How would this affect the world?

What if the powers behind the money had long term priorities spanning centuries and millennia into the future? I'd like to think that this would result in a more careful attitude towards things like pollution and exploitation of natural resources. There would be more research into renewable energy and that kind of thing.
Does that make sense or is it just me being a bit of a hippy dreamer?


----------



## Shakantea (Jan 27, 2014)

Massive taxes to keep the elves' fortunes lower?


----------



## Saigonnus (Jan 27, 2014)

Sounds like a good topic of discussion. I would think it would depend on how elves are portrayed within the scheme of the story more than anything. If they are the traditional immortal, tree-hugging archetypes; then it makes sense that they would care enough about the future to at least safeguard certain stretched of property even if they don't make a financial fortune. It also has to do with whether or not you have them in a certain geographic location, or if they mingle with the other races.  
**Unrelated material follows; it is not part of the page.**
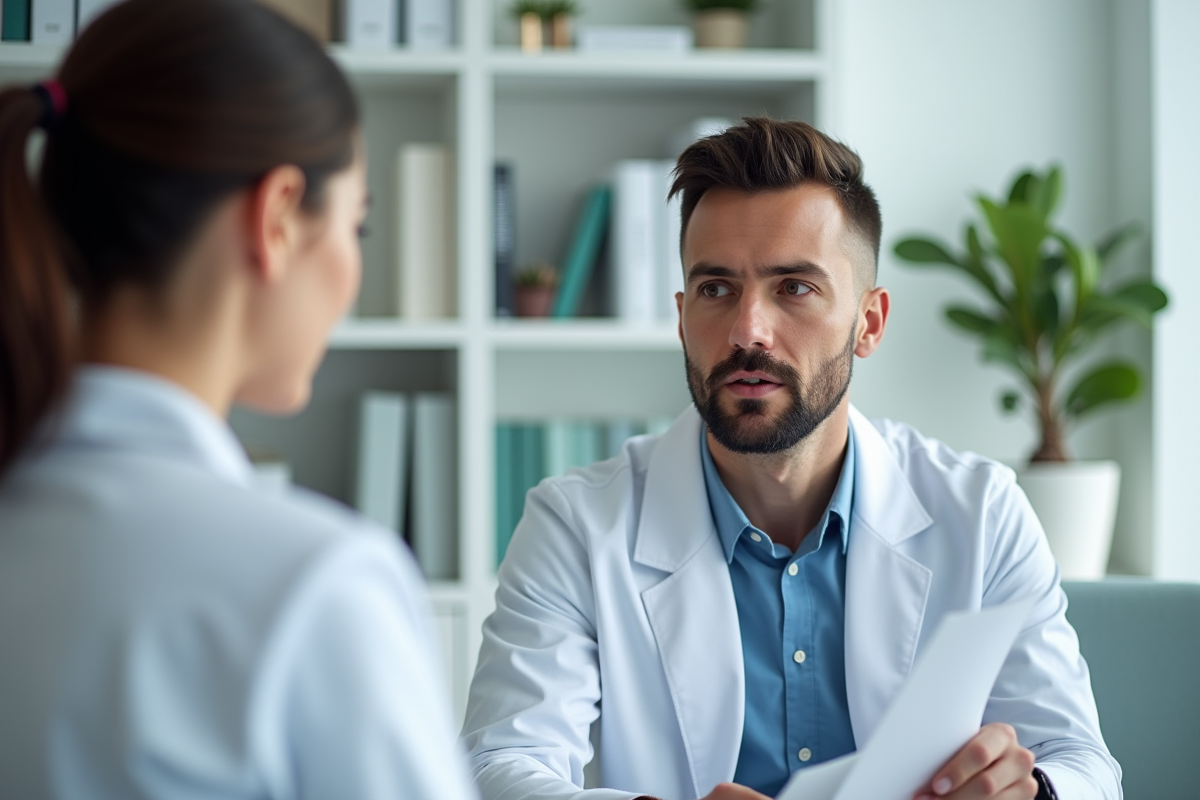 Chirurgien esthétique expliquant des procédures à une patiente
I would also think if they existed before the humans, or at least co-existed with the rest of the races, they technically would have had enough time to acquire a lot of things through trade or outright buying with the other races. I think they'd probably be the driving force behind the economy in many places, just because they own/control so much. It would depend on the area of course, and of local laws/traditions (like if a kingdom has laws against elves owning property etc.) I imagine in a city for example, the elves could own a quarter (or more) of the buildings outright (perhaps their own "Elftown" within the city). They bought the land/building after the previous owner died or whatever and can afford to wait as long as it takes for the rent/lease on the properties to start making a profit. Even if they don't use the building, someone is likely paying rent/leasing the space; bringing money to the elvish empire (how that money is distributed is a separate issue). Some of those spaces would also be used by the elves for their own businesses/industries etc... selling the produced goods to the townsfolk.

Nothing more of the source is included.